1-D BNE (blue native electrophoresis) was performed as described [36]. Briefly, 10–500 mg wet weight of specimens from heart were homogenized in sucrose buffer (250 mM sucrose, 20 mM imidazole/HCl, pH 7.0) using a motor-driven tightly fitting 0.5–1 ml glass/Teflon Potter-Elvehjem homogenizer (1,200 rpm, 30 strokes) and centrifuged for 10 min at 22,000×g to obtain enriched mitochondrial membranes. Pellets from 5 mg heart were solubilized in 40 µl solubilization buffer (50 mM NaCl, 50 mM imidazole/HCl, 2 mM 6-aminohexanoic acid, 1 mM EDTA, pH 7.0) and 2 µl 20% dodecyl-β-d-maltoside. Following 5 min incubation on ice and 20 min centrifugation at 22,000 g, protein content of supernatants was measured, equal amounts of protein per sample were supplemented with 1 µl of a 5% Coomassie blue G-250 suspension in 500 mM 6-aminohexanoic acid and loaded onto a 3 to 13% acrylamide gradient gel with a 3% sample gel on top. Following BNE, 1-D gels were stained with Coomassie or by an in gel complex I activity assay (NADH:NBT reductase activity) as described in [37] with some modifications [38]. The Bio-Rad ChemiDoc XRS system was used for densitometric quantification.

Modified Hole Board and Prepulse Inhibition (PPI) of the Acoustic Startle Reflex (ASR)

The modified Hole Board test was performed as previously described by us [39]. The ASR/PPI protocol was adapted to the specifications of our startle equipment (Med Associates Inc., VT, USA). Background noise (NS = no stimulus) was 65 dB and trial types for ASR included 7 different stimulus intensities (NS, 70, 80, 90, 100, 110, 120 dB). Trial types for PPI included 4 different prepulse intensities (67, 69, 73, 81 dB), each prepulse preceding the startle pulse (110 dB) by 50 msec inter-stimulus interval. ASR/PPI were assessed according to the standardized phenotyping screens developed by the Eumorphia partners [40] available as EMPReSSslim protocols (see www.eumodic.org).

Neurological examination

Neurological analysis was performed as described [41]. The mice were analyzed for basic neurological functions using a modified SHIRPA protocol, measuring grip strength and rotarod performance for evaluation of motor coordination at different ages.

Tail-cuff blood pressure measurement

Blood pressure was measured in un-anesthetized mice with a non-invasive tail-cuff method using the MC4000 Blood Pressure Analysis Systems (Hatteras Instruments Inc., Cary, North Carolina, USA).

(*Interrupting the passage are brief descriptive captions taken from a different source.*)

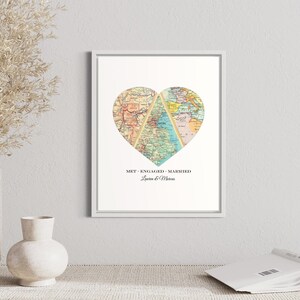Custom Three Location Map Heart | Unique Personalized Wedding Gift for Couple | Where We Met Map Art Print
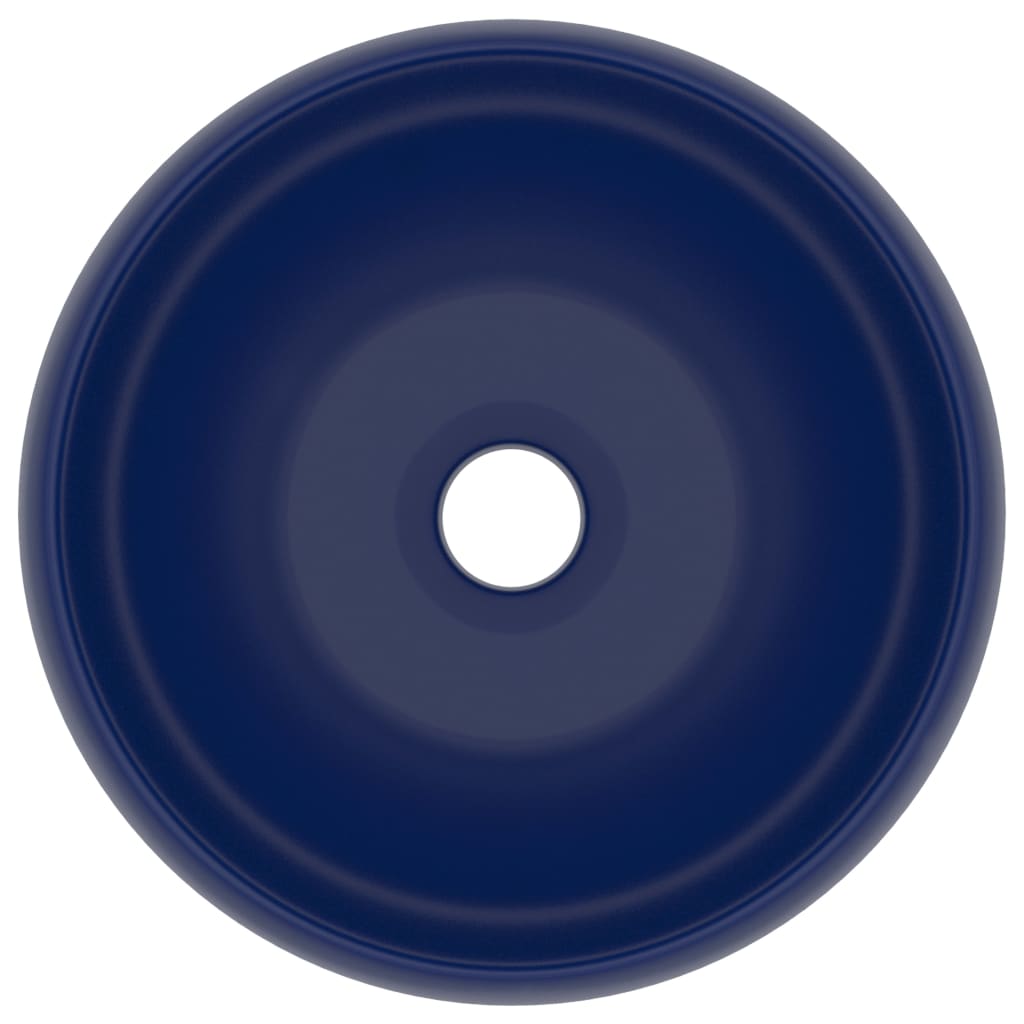 Vidaxl Washbasin Round 40x15 cm keramická rohož tmavě modrá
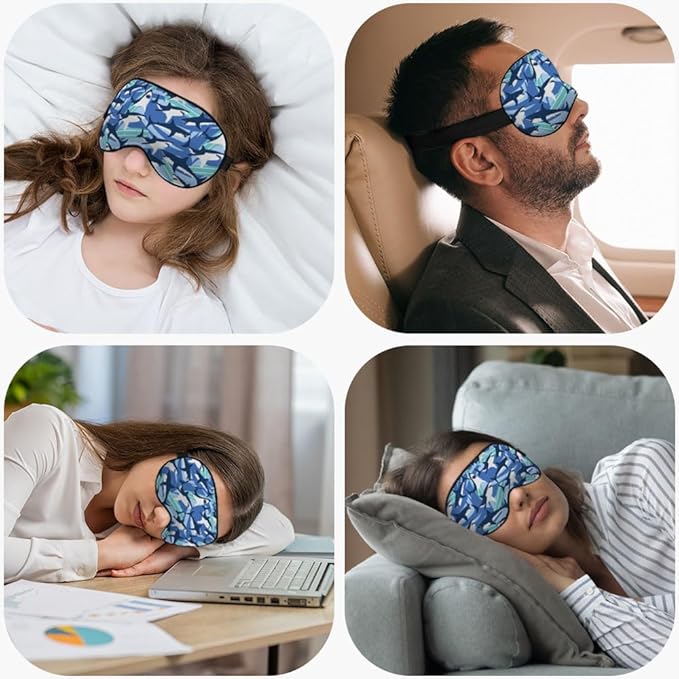 Blue Sharks Sleep Mask Eye Mask Ocean Sea Animal Fish Marine Funny Cute Wildlife Surfboard Sleep Mask Light Blocking Adjustable Smooth Soft for Women Deep Rest Travel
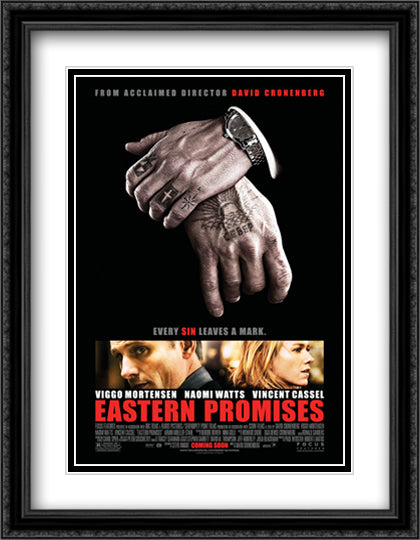 Eastern Promises 28x36 Black Ornate Wood Framed Movie Poster with Double Matting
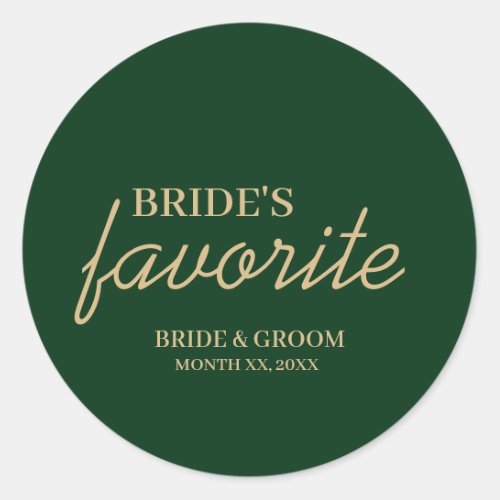 Green and Gold Brides Favorite Snack Wedding Classic Round Sticker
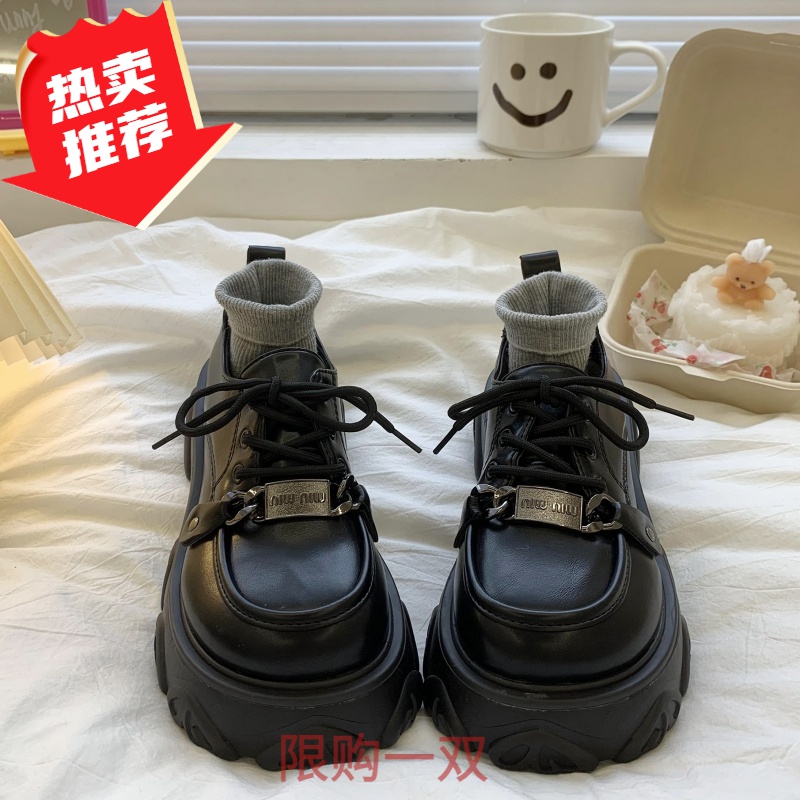 大东薇软皮2023新款春季大头小皮鞋女厚底网红乐福鞋复古百搭英伦
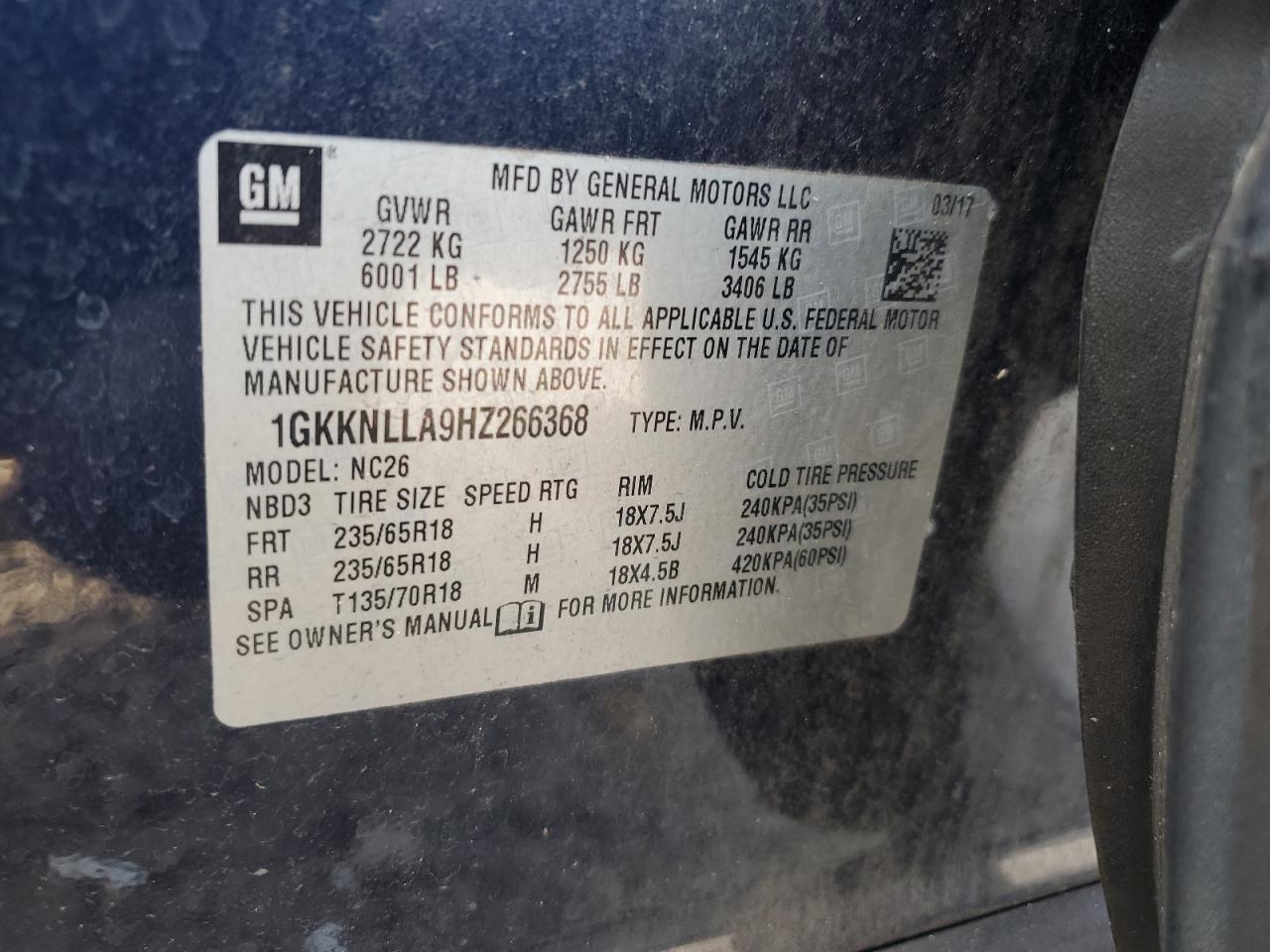 2017 GMC Acadia VIN 1GKKNLLA9HZ266368 Copart auction photo, front end damage thumbnail 15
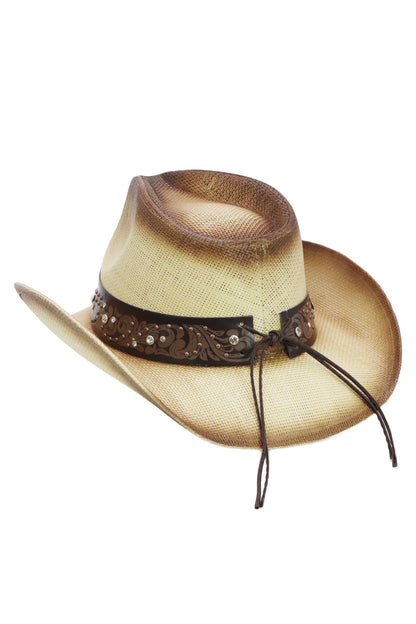 "Heart Bling" Rhinestone Belt Ombre Straw Cowboy Hat
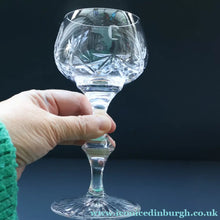 Load image into Gallery viewer, SET OF EIGHT Vintage Edinburgh Crystal HOCK Wine Glasses. STAR OF EDINBURGH: 6 1/4 inches. Engraved with letter "C"
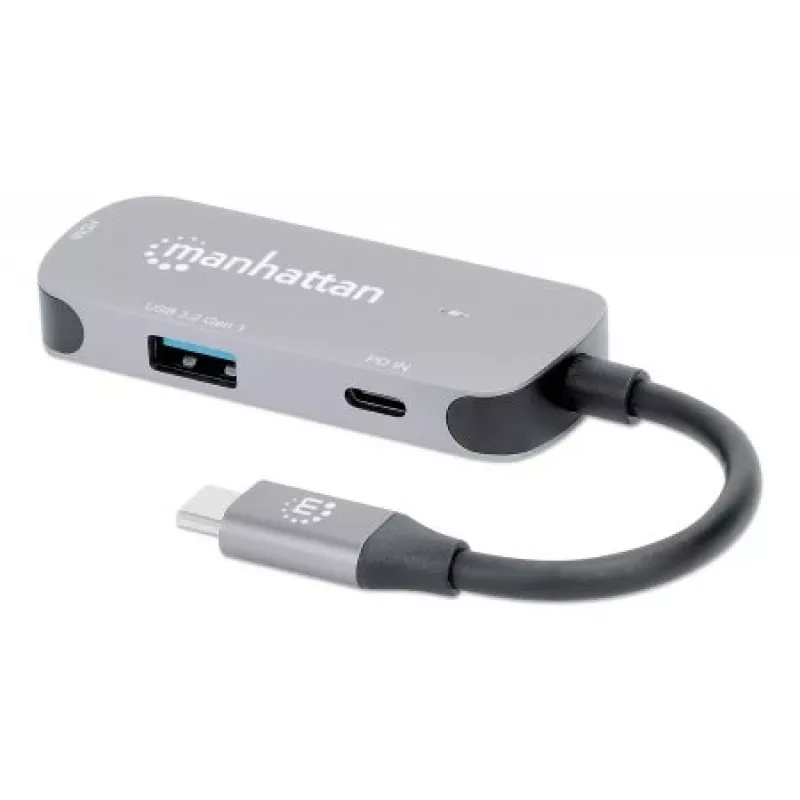 Manhattan Dock/Hub USB-C, puertos (x3): HDMI, USB-A y USB-C, con Power Delivery (PD) 100 W – requiere cargador USB-C externo (no incluido). Alimentado por USB (no requiere fuente de alimentación externa) cuando no se utiliza PD, aluminio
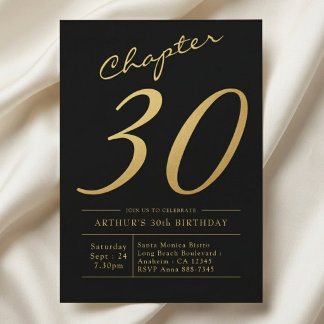 Invitation Son 30e Anniversaire 30 Ans Fête Noir Or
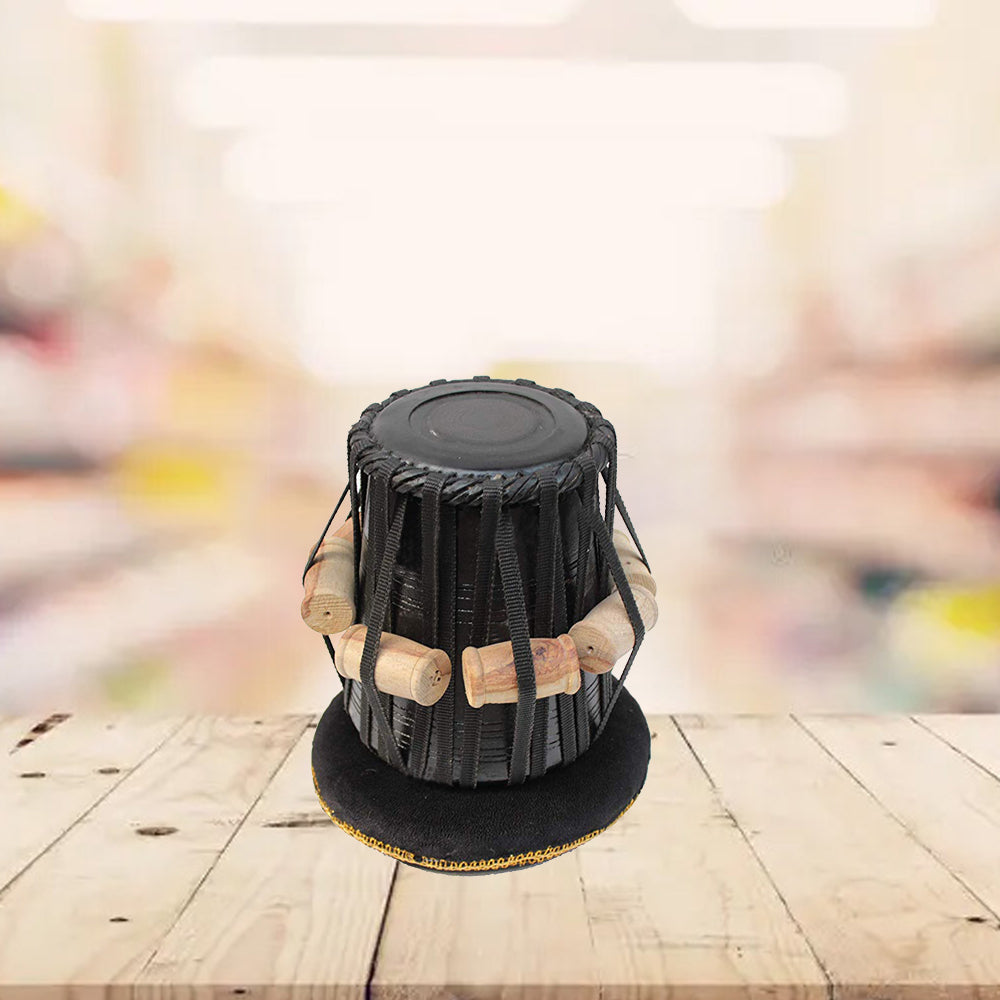 Binas Wood TB-0100 Hand Made Black Tabla Set Silver Color - A Musical Instrument.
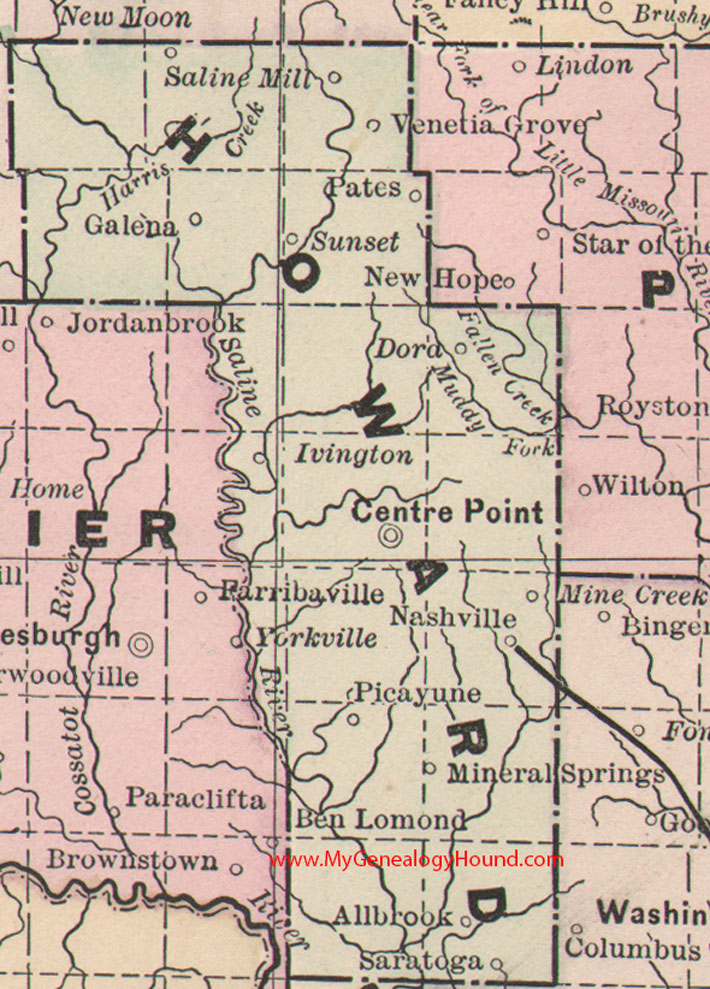 Howard County, Arkansas Map 1889 Centre Point, Nashville, Center Point, Picayune, Allbrook, Saratoga, Irvington, Dora, Sunset, Galena, AR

Four animals were restrained on a pre-warmed metal platform in metal boxes. The tails were looped through a tail-cuff and fixed in a notch containing an optical path with a LED light and a photosensor. The blood pulse wave in the tail artery is detected as transformed into an optical pulse signal by measurement of light extinction. Pulse detection, cuff inflation and pressure evaluation are automated by the system software. After five initial inflation runs for habituation, 12 measurement runs are performed for each animal in one session. Runs with movement artifacts are excluded. After one day of training, in which the animals are habituated to the apparatus and protocol, the measurements are performed on four consecutive days between 8∶30 and 11∶30 AM.

Surface limb ECG

ECG was performed in anesthetized (isoflurane/pressured air inhalation) mice by use of three metal bracelets that are put on the joints of the feet together with electrode gel. The electrodes were positioned on the front-paws and the left hind paw, resulting in the bipolar standard limb leads I, II and III and the augmented unipolar leads AVF, AVR, AVL. ECG is recorded for about seven minutes. Shape analysis of the ECG traces is performed with the software ECG-auto (EMKA technologies, Paris, France). For each animal, intervals and amplitudes are evaluated from five different sets of averaged beats (usually lead II). The parameter Q-T interval is also corrected for the RR interval. In addition, the recordings are screened for arrhythmias, including supraventricular and ventricular extrasystoles and conduction blockages.

Echocardiography

Left ventricular function was evaluated with transthoracic echocardiography using a Vevo 2100 Imaging System (Visual Sonics) with a 30 MHz probe on conscious animals. Left ventricular parasternal short and long-axis views were obtained in B-mode imaging and left ventricular parasternal short-axis views were obtained in M-mode imaging at the papillary muscle level. The short axis M-mode images were used to measure left ventricular end-diastolic internal diameter (LVEDD), left ventricular end-systolic internal diameter (LVESD), diastolic and systolic septal wall thickness (SWT) and diastolic and systolic posterior wall thickness (PWT) in three consecutive beats. Fractional shortening (FS) was calculated as FS% = [(LVEDD–LVESD)/LVEDD]×100. In addition, heart rate and respiratory rate were calculated by measuring three systolic intervals, respectively three respiratory intervals.

Pathology examination

Mice received in the laboratory of pathology were sacrificed with CO2. The animals were analyzed macroscopically. The body, heart, liver and spleen weight was determined as well as tibia length. All organs were fixed in 4% neutral buffered formalin and embedded in paraffin for histological examination. Four-µm-thick sections of all organs were cut and routinely stained with haematoxylin and eosin (H&E), Congo red, Masson, Periodic acid-Schiff (PAS) and Prussian blue. Two pathologists analyzed each slide independently.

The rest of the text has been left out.